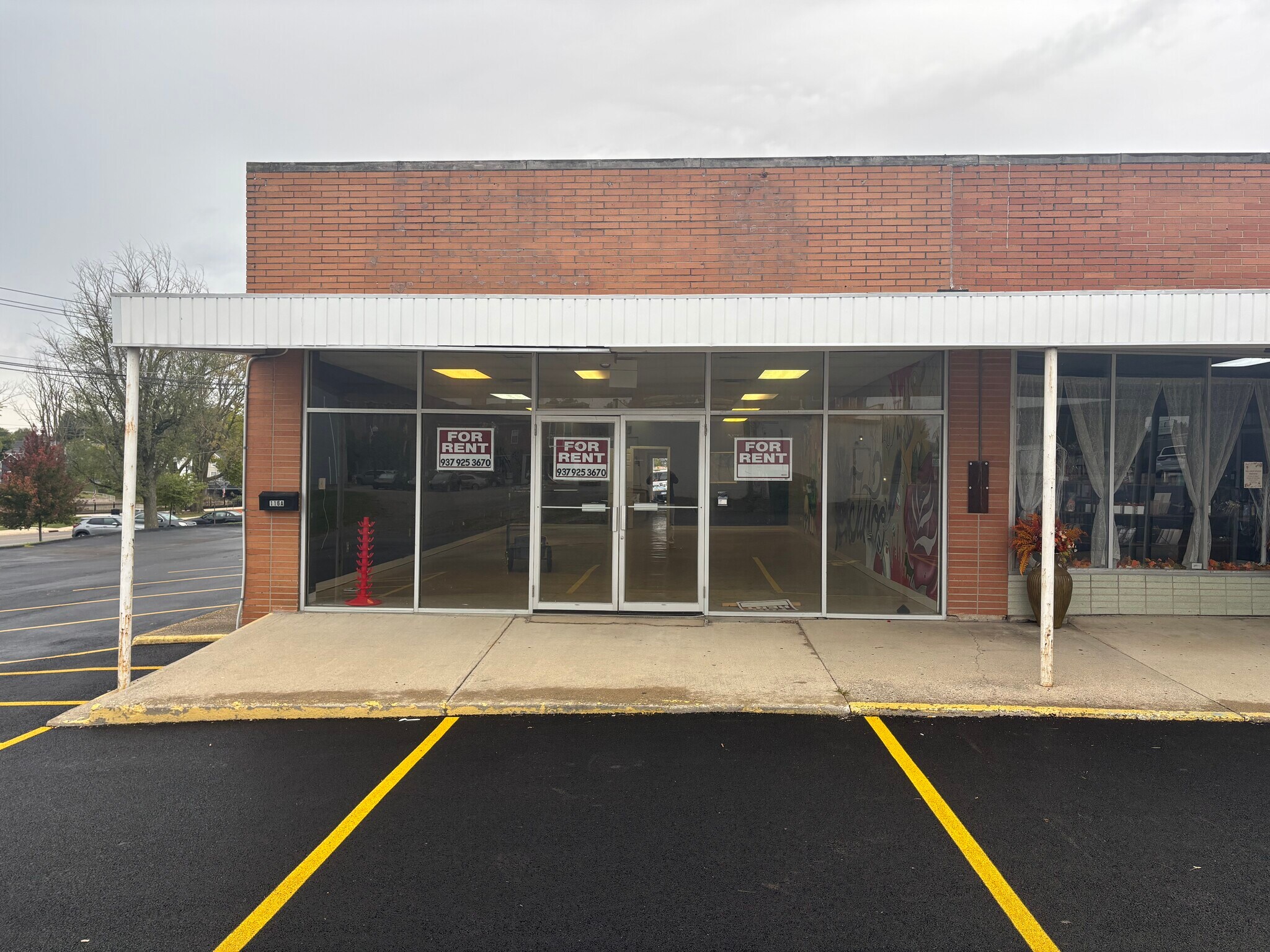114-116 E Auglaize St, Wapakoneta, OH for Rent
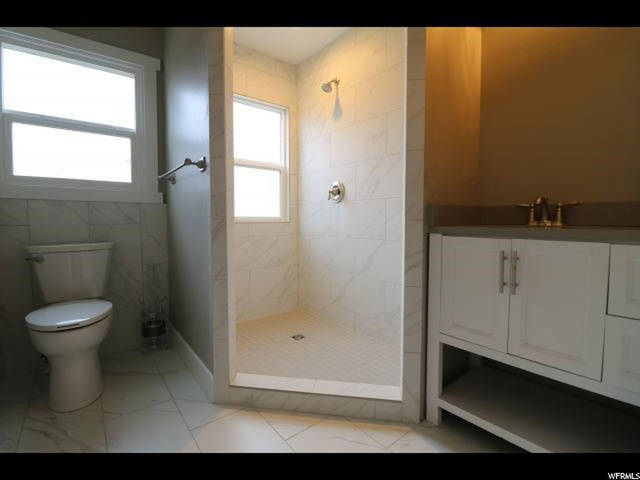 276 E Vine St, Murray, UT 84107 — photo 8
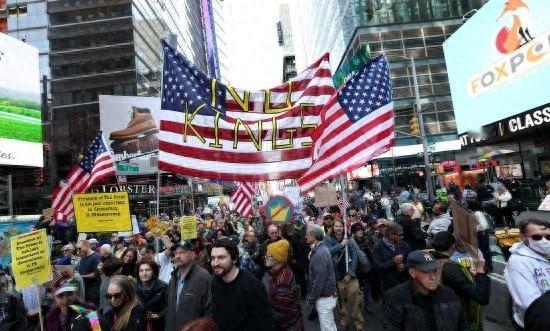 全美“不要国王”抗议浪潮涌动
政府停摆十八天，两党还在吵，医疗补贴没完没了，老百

────────

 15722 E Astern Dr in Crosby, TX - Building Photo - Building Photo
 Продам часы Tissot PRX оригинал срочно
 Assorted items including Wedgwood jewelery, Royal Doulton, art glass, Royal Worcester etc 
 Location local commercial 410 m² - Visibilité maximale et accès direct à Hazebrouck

────────

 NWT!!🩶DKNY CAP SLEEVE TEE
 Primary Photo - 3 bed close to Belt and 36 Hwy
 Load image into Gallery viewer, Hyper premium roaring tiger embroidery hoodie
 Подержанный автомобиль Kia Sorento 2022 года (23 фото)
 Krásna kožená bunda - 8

────────

• EXERCISE PROMPT:
Lines to set down from above: the line with "Load image into", the line with "Krásna kožená bunda - 8", and every line between, each exactly as written.

• RESPONSE TO THE EXERCISE:
 Load image into Gallery viewer, Hyper premium roaring tiger embroidery hoodie
 Подержанный автомобиль Kia Sorento 2022 года (23 фото)
 Krásna kožená bunda - 8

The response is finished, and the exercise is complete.